**Data block**
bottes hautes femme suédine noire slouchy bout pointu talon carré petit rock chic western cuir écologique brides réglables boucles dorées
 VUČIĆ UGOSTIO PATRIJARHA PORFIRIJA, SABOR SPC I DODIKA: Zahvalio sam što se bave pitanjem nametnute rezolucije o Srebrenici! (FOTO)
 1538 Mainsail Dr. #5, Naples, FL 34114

**Exercise goal**
What you return should match every line above exactly.

**Solution for this exercise**
bottes hautes femme suédine noire slouchy bout pointu talon carré petit rock chic western cuir écologique brides réglables boucles dorées
 VUČIĆ UGOSTIO PATRIJARHA PORFIRIJA, SABOR SPC I DODIKA: Zahvalio sam što se bave pitanjem nametnute rezolucije o Srebrenici! (FOTO)
 1538 Mainsail Dr. #5, Naples, FL 34114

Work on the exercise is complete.